New Way Forward Act

Legislative history
- Introduced in the Senate as H.R. 5383 by Jesús "Chuy" García (D–IL) on December 10, 2019;

= New Way Forward Act =

US immigration reform legislation

The New Way Forward Act is a proposed legislation introduced in the U.S. Senate and House on December 10, 2019 by Chuy García. It proposes a broad restructuring of federal immigration enforcement law by reducing reliance on detention and criminal enforcement, narrowing deportation triggers tied to criminal conduct, and shifting more decision-making authority to immigration courts.

The bill would repeal 8 U.S.C. §§ 1325 and 1326, decriminalizing unauthorized border crossings and reentry while keeping immigration violations as civil matters handled through deportation proceedings. It would expand immigration judges’ discretion to grant relief, including in cases involving individuals with criminal records. It also changes detention policy by eliminating mandatory detention in most cases, creating a presumption of release, and phasing out the use of private immigration detention facilities.

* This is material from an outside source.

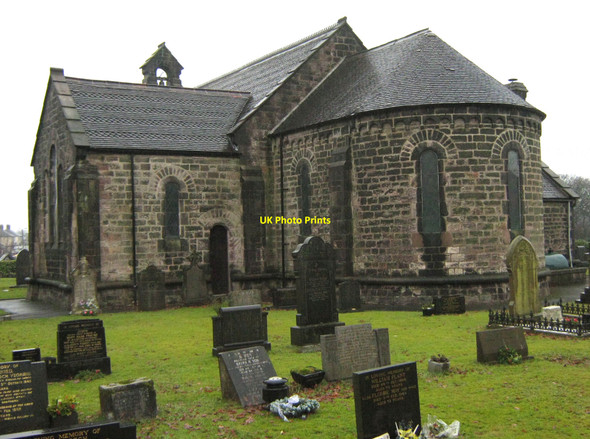 Photo 6"x4" Christ Church- east end Biddulph c2011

The bill would eliminate low-level drug offenses as grounds for deportation and require that qualifying criminal convictions carry a prison sentence of at least five years to serve as the basis for a removal order. It would also authorize immigration judges to decline to issue a deportation order on humanitarian grounds, including in cases involving immigrants with criminal convictions.

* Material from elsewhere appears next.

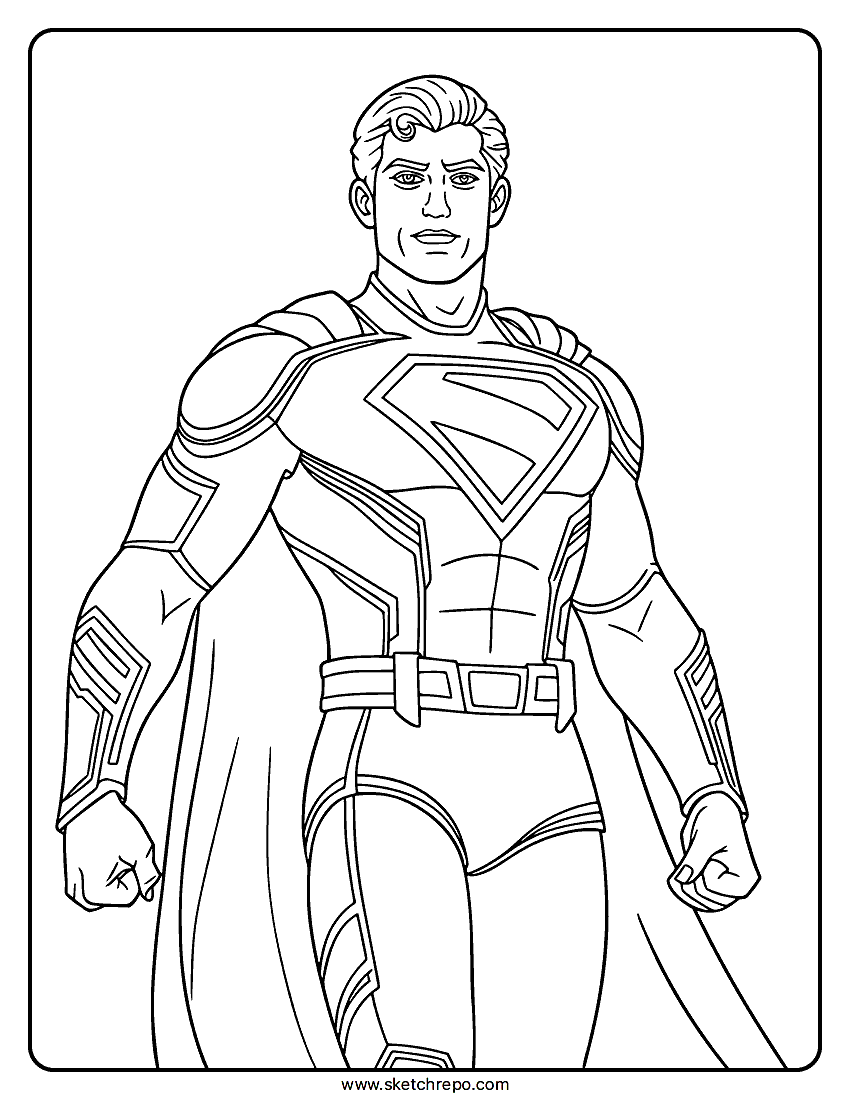 superman pictures to color superman pictures to color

The bill was reintroduced in the 117th Congress in 2021.

== Background ==
The bill's supporters have introduced a bill roughly divided into seven parts.

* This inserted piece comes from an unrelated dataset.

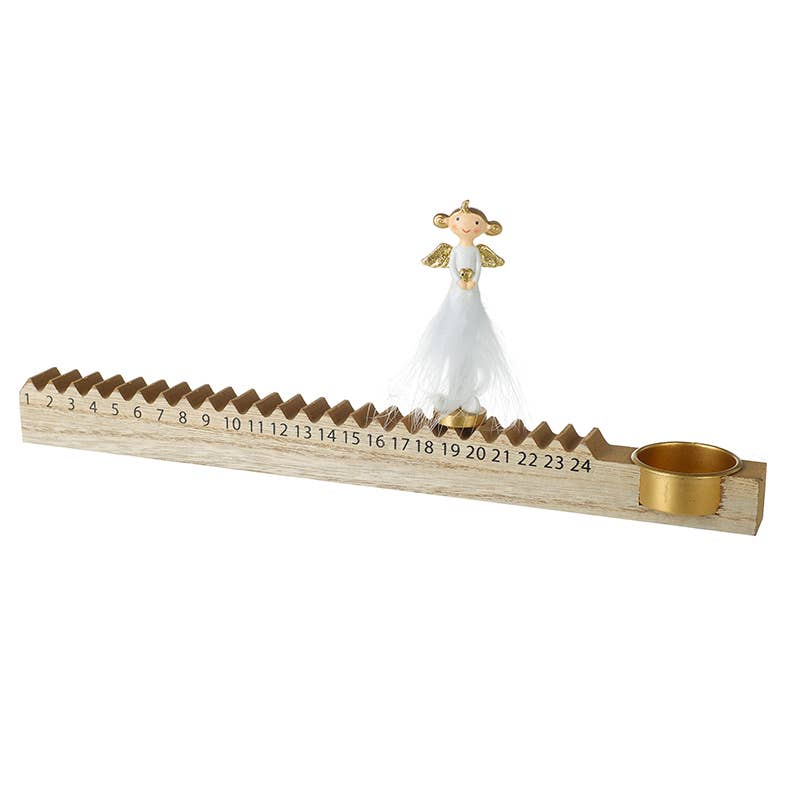 ANGEL ADVENT COUNTDOWN T-LIGHT RULE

- The bill aims to close private prisons or private detention centers for immigrants beginning three years after the bill's possible enactment.
- The Department of Homeland Security officials including Immigrations and Customs Enforcement (ICE) would be prohibited from using national origin, race, ethnicity, or fluency in English when interrogating immigrants.
- Redefines the categories of "serious crimes" which currently bar immigrants from qualifying for asylum. Only felonies with a jail sentence of at least five years would be prohibited from applying for asylum.
- Repeals or limits laws which limits the discretion immigration judges', instead allowing the immigration judge an exercise of discretion suitable in pursuit of humanitarian purposes, assuring family unity, or when it is in the public interest.
- There would be a prohibition on the involvement of state/local law enforcement involvement in the apprehension, investigation, transport, or detention of undocumented immigrants.
- Illegal border crossing would be enforced under civil rather than criminal law procedures.

== Reception ==

=== Support ===
The bill had 45 cosponsors in the 117th Congress, including Alexandria Ocasio-Cortez, Karen Bass, Ilhan Omar, and Pramila Jayapal.

- Raúl Grijalva (AZ-03)
- Nanette Barragán (CA-44)
- Karen Bass (CA-37)
- Tony Cárdenas (CA-29)
- Judy Chu (CA-27)
- Lou Correa (CA-46)
- Mark DeSaulnier (CA-11)
- Jimmy Gomez (CA-34)
- Barbara Lee (CA-13)
- Ted Lieu (CA-33)
- Alan Lowenthal (CA-47)
- Grace Napolitano (CA-32)
- Mark Takano (CA-41)
- Juan Vargas (CA-51)
- Eleanor Holmes Norton (DC-AL)
- Hank Johnson (GA-04)
- Nikema Williams (GA-05)
- Michael San Nicolas (GU-AL)
- Danny K. Davis (IL-07)
- Marie Newman (IL-03)
- Mike Quigley (IL-05)
- Bobby Rush (IL-01)
- Jan Schakowsky (IL-09)
- Jim McGovern (MA-02)
- Ayanna Pressley (MA-07)
- Rashida Tlaib (MI-13)
- Betty McCollum (MN-04)
- Ilhan Omar (MN-05)
- Cori Bush (MO-01)
- Bonnie Watson Coleman (NJ-12)
- Jamaal Bowman (NY-16)
- Yvette Clarke (NY-09)
- Adriano Espaillat (NY-13)
- Mondaire Jones (NY-17)
- Gregory Meeks (NY-05)
- Grace Meng (NY-06)
- Alexandria Ocasio-Cortez (NY-14)
- Ritchie Torres (NY-15)
- Nydia Velázquez (NY-07)
- Earl Blumenauer (OR-03)
- Veronica Escobar (TX-16)
- Sylvia Garcia (TX-29)
- Sheila Jackson Lee (TX-18)
- Pramila Jayapal (WA-07)
- Mark Pocan (WI-02)

The bill has also received support from over 145 advocacy organizations and community representatives.

=== Opposition ===
The bill has received strong opposition from the Republican Party on claims that it would increase crime and weaken the country. The bill would remove low-level drug crimes as deportable offenses and would require that certain criminal convictions come with a prison sentence of at least five years.